Transition
Le corps est l’instrument de la douleur ; c’est sinon la cause première, au moins la cause immédiate. L’âme a la perception de cette douleur ; cette perception est l’effet. Le souvenir qu’elle en conserve peut être très pénible, mais ne peut avoir d’action physique. En effet, le froid ni la chaleur ne peuvent désorganiser les tissus de l’âme ; l’âme ne peut ni se geler, ni brûler. Ne voyons-nous pas tous les jours le souvenir ou l’appréhension d’un mal physique produire l’effet de la réalité, occasionner même la mort ?
Tout le monde sait que les personnes amputées ressentent de la douleur dans le membre qui n’existe plus. Assurément, ce n’est point ce membre qui est le siège, ni même le point de départ de la douleur ; le cerveau en a conservé l’impression voilà tout. On peut donc croire qu’il y a quelque choses d’analogue dans les souffrances de l’Esprit après la mort.
Une étude plus approfondie du périsprit, qui joue un rôle si important dans tous les phénomènes spirites, les apparitions vaporeuses ou tangibles, l’état de l’Esprit au moment de la mort, l’idée si fréquente chez lui qu’il est encore vivant, le tableau si saisissant des suicidés, des suppliciés, des gens qui se sont absorbés dans les jouissances matérielles, et tant d’autres faits sont venus jeter la lumière sur cette question et ont donné lieu à des explications dont nous donnons ici le résumé.
Le périsprit est le lien qui unit l’Esprit à la matière du corps ; il est puisé dans le milieu ambiant, dans le fluide universel ; il tient à la fois de l’électricité, du fluide magnétique et, jusqu’à un certain point, de la matière inerte.

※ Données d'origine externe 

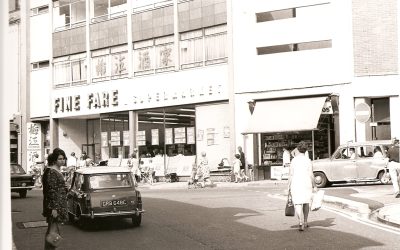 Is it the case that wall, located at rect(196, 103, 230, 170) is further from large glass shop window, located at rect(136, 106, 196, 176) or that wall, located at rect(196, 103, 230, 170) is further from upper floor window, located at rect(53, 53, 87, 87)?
upper floor window, located at rect(53, 53, 87, 87)

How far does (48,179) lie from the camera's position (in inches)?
327

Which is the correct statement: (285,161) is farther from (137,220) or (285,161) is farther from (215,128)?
(137,220)

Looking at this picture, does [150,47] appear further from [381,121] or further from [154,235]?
[154,235]

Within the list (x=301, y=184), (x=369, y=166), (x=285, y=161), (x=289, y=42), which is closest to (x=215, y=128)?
(x=285, y=161)

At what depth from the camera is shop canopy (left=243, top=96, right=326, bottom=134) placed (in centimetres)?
2636

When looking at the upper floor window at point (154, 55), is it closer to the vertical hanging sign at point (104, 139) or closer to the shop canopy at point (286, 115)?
the vertical hanging sign at point (104, 139)

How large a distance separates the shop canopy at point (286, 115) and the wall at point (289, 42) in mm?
842

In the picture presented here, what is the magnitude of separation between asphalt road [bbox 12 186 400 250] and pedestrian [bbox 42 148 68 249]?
80.8 inches

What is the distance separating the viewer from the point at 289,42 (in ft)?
92.3

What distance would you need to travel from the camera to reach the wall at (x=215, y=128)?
1169 inches

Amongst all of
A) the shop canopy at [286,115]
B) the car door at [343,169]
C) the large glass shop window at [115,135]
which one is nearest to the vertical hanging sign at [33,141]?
the large glass shop window at [115,135]

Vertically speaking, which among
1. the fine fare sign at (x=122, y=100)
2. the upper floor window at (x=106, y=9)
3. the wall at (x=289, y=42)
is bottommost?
the fine fare sign at (x=122, y=100)

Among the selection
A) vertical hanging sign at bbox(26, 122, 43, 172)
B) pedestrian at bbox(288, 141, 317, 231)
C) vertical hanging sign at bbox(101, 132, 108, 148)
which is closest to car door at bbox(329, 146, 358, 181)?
pedestrian at bbox(288, 141, 317, 231)

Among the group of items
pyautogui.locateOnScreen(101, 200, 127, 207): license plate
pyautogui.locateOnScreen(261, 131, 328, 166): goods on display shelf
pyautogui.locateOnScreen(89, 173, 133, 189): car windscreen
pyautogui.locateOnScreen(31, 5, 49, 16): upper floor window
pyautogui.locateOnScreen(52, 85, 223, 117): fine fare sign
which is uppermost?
pyautogui.locateOnScreen(31, 5, 49, 16): upper floor window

On pourrait dire que c’est la quintessence de la matière ; c’est le principe de la vie organique, mais ce n’est pas celui de la vie intellectuelle : la vie intellectuelle est dans l’Esprit.
L’expérience nous apprend qu’au moment de la mort le périsprit se dégage plus ou moins lentement du corps ; pendant les premiers instants, l’Esprit ne s’explique pas sa situation ; il ne croit pas être mort, il se sent vivre ; il voit son corps d’un côté, il sait qu’il est à lui, et il ne comprend pas qu’il en soit séparé ; cet état dure aussi longtemps qu’il existe en lien entre le corps et le périsprit. Un suicidé nous disait : non, je ne suis pas mort, et il ajoutait : et cependant je sens les vers qui me rongent. Or, assurément, les vers ne rongeait pas le périsprit, et encore moins l’Esprit, ils ne rongeait que le corps. C’est plutôt la vue de ce qui se passait dans son corps auquel le rattachait son périsprit, qui produisait en lui une illusion qu’il prenait pour une réalité.
Pendant le vie, le corps reçoit des expressions extérieures et les transmet à l’Esprit par l’intermédiaire du périsprit qui constitue, probablement, ce que l’on appelle le fluide nerveux. Le corps étant mort ne ressent plus rien, parce qu’il n’y a plus en lui ni Esprit ni périsprit. Le périsprit, dégagé du corps, éprouve la sensation ; mais comme elle ne lui arrive plus par un canal limité, elle est générale. Or, comme il n’est en réalité, qu’un agent de transmission, puisque c’est l’Esprit qui a la conscience, il en résulte que s’il pouvait existe un périsprit sans Esprit, il ne ressentirait pas plus que le corps lorsqu’il est mort ; de même que si l’Esprit n’avait point de périsprit, il serait inaccessible à toute sensation pénible ; c’est ce qui a lieu pour les Esprits complètement épurée.
Nous pensions qu’une fois débarrassés de notre grossière enveloppe, instrument de nos douleurs, nous ne souffrions plus, et voilà que vous nous apprenez que nous souffrons encore ; que ce soit d’une manière ou d’une autre, ce n’en est pas moins souffrir. Hélas ! oui, nous pouvons encore souffrir, et beaucoup, et longtemps, mais nous pouvons aussi ne plus souffrir, même dès l’instant où nous quittons cette vie corporelle.